Other bits here are in the creation of fake statistics and successes is another area here. The classic "well it was fine when I left it" and claiming improvements in areas where there aren't any metrics being formally gathered. This is where people claim "we've improved quality/productivity/time to market by X%" when all the evidence seems to show that in fact its got worse. The key is that the person manipulating and broadcasting the stats is the person responsible for them.
In IT departments the media manipulation tends to be internal rather than with the press but its the continual planting of stories and broadcasting of success (and others failures). A few other good ones here are where a project fails but its "all the fault of the vendor" or where a technology turns out to be rubbish and that is "down to the implementation team" the key is spinning and there are lots of people in IT who seem to think that spinning is as important as delivering.
Vendors are truly the best at this in terms of their external marketing. The product might be a bug-riddled piece of crap that won't even install from the CDs but thanks to some smart marketing, demoware and presentations its lauded as being a market leader.
Sacrifice of friends and colleagues
Now here is where IT often moves away from Mao in that I tend to see Cabals and cliques being the dominant factor with competing groups battling for supremacy. But then again isn't this exactly what Mao was about? Basically using different groups within the organisation as the scapegoats? Project fails because in reality the architecture was completely rubbish? Blame the project manager, the development team or India but never, ever allow people to point out that the architecture was unimplementable.
This is something I see over and over again as IT projects fail. The finger pointing starts and the "winner" is the one who gets the least blame and places the most blame elsewhere. Again this isn't actually about reality its about using other people to take the fall for you so you don't have to admit to failure yourself.
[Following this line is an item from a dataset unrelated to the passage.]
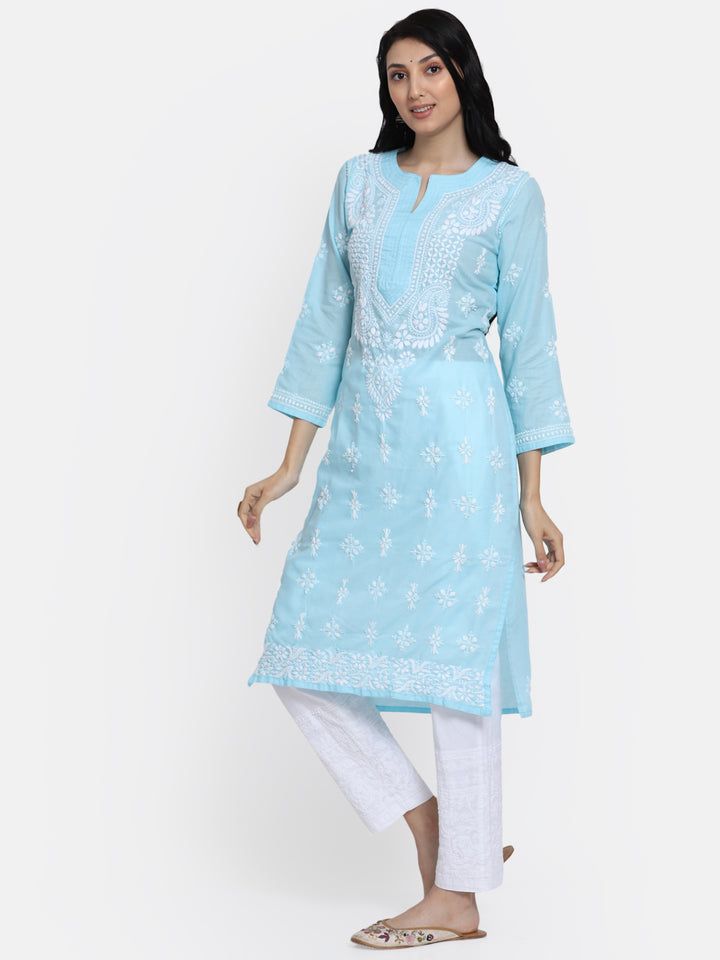 Chikankari Hand Embroidered Cotton Straight Kurta-PC3438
With Vendors I guess this would be how they stab each other in the back, but I'm not sure its as good an analogy.
Activity substituting for achievement
Now this is the area where IT, and in particular Architects, come into their own. Those constant internal meetings, those document reviews and those endless process improvement efforts that never improve anything. Its hard to imagine a group of people who create more noise for little achievement that those found in IT. In 2007 I saw people proudly demonstrate how they could use WSDLs in their tools... 2007? That was done in 2001. There are all the various frameworks out there, something IT developer love to do. Don't develop the solution, develop a framework and never get around to the solution.
With vendors this is all about adding new bells and whistles to the products, and to be fair to the vendors this is what the Chairman Mao impersonators in corporate IT and the blog world are asking them to do. Its not about making it better its more like "Pimp my product" with lots of new bling being added on to the same old crap in the mistaken belief that this actually makes it better.
Part of the problem is that the talent gap in IT is ridiculously huge. There really are a huge number of people who are, when all is said and done, just bluffing at their jobs and who follow (unknowingly) Mao's plans for success on a daily basis.
IT and Chairman Mao, maybe the required reading shouldn't be The Mythical Man Month but the mass murders' Little Red Book.